As you reproduce every line below, keep it exactly as written and leave out the images.
┌─ Information provided
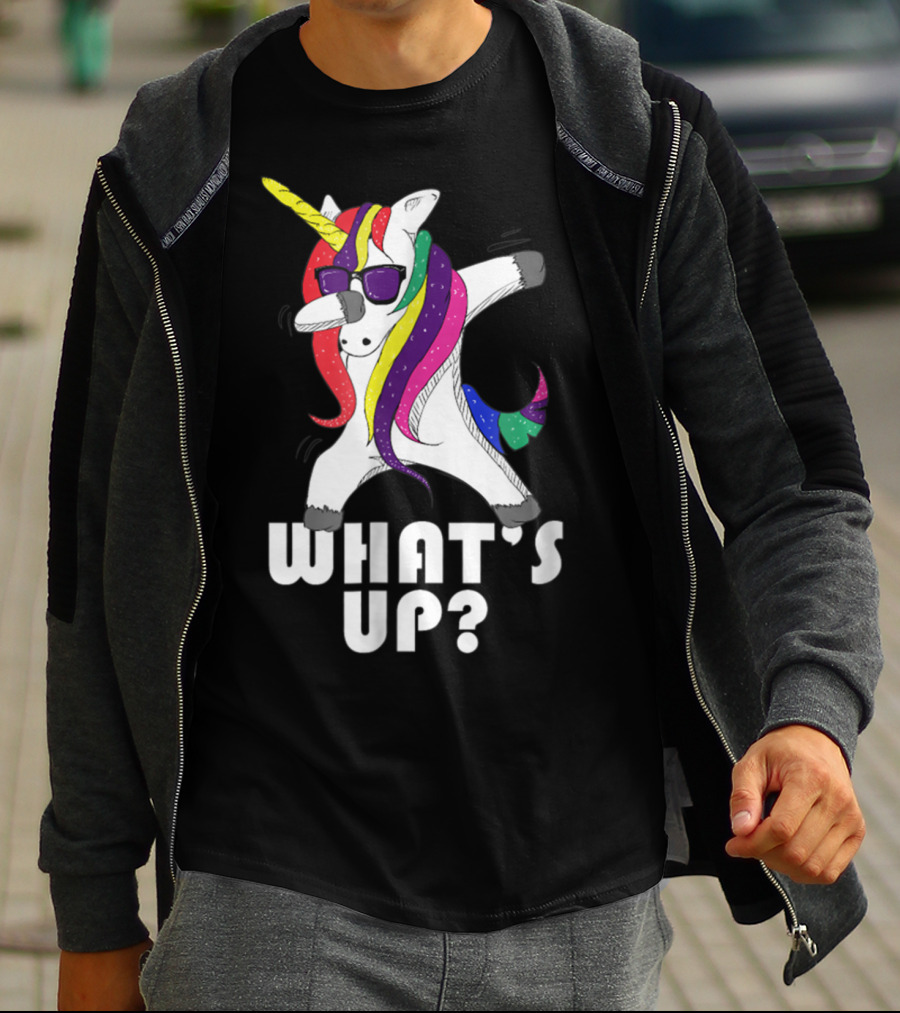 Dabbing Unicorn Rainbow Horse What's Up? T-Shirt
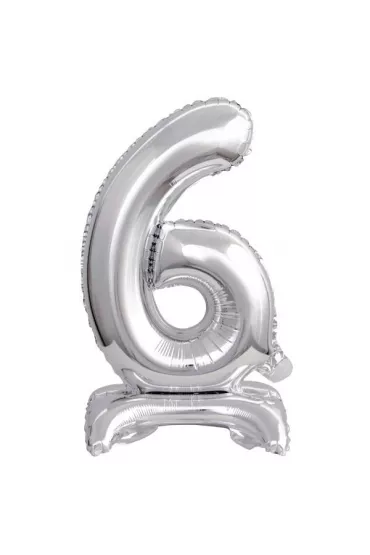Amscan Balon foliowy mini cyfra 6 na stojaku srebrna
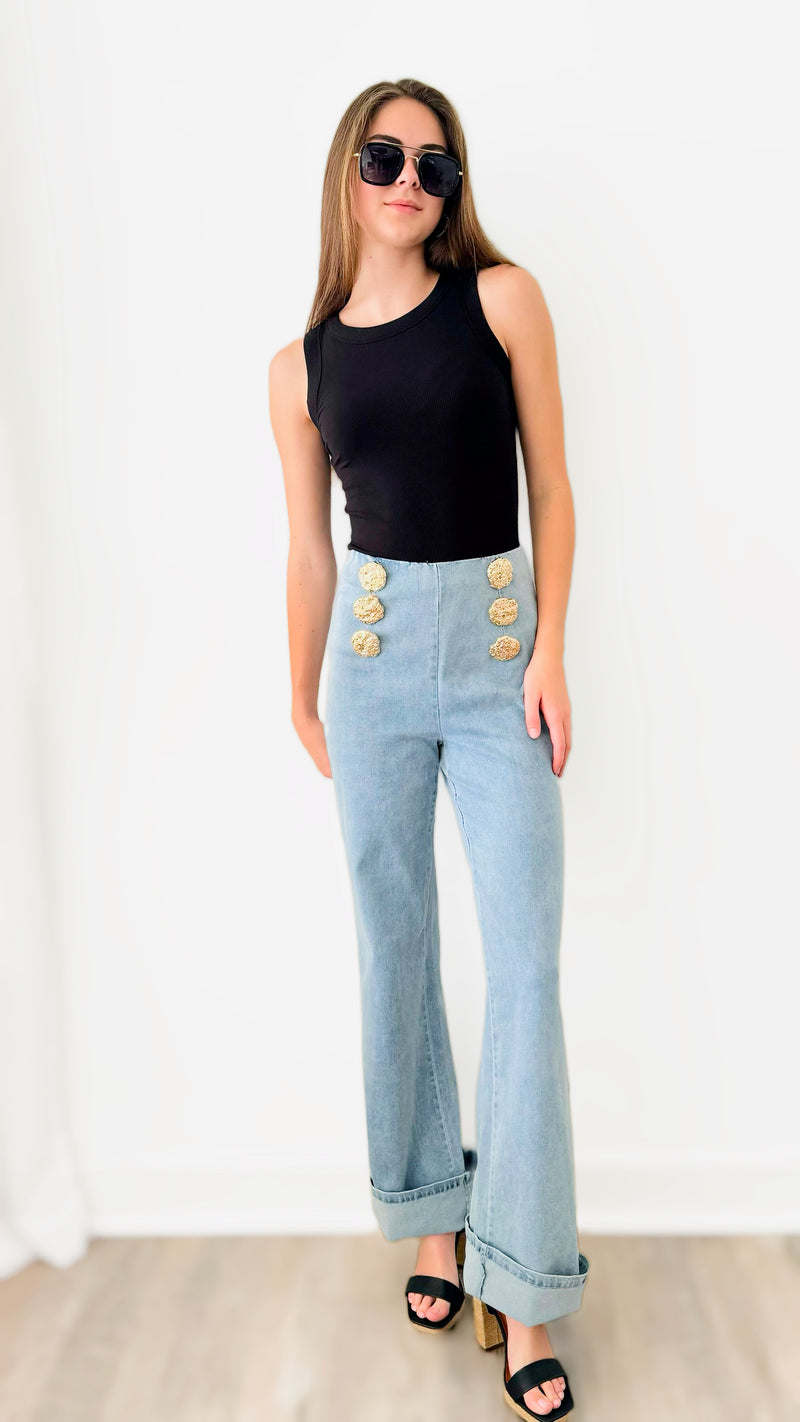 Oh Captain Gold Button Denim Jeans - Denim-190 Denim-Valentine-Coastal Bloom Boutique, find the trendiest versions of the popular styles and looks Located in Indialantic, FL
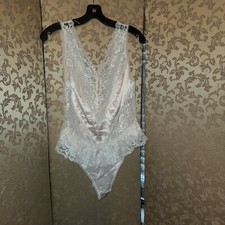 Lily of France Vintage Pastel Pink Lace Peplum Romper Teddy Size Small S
└─
Written response
 Dabbing Unicorn Rainbow Horse What's Up? T-Shirt
Amscan Balon foliowy mini cyfra 6 na stojaku srebrna
 Oh Captain Gold Button Denim Jeans - Denim-190 Denim-Valentine-Coastal Bloom Boutique, find the trendiest versions of the popular styles and looks Located in Indialantic, FL
 Lily of France Vintage Pastel Pink Lace Peplum Romper Teddy Size Small S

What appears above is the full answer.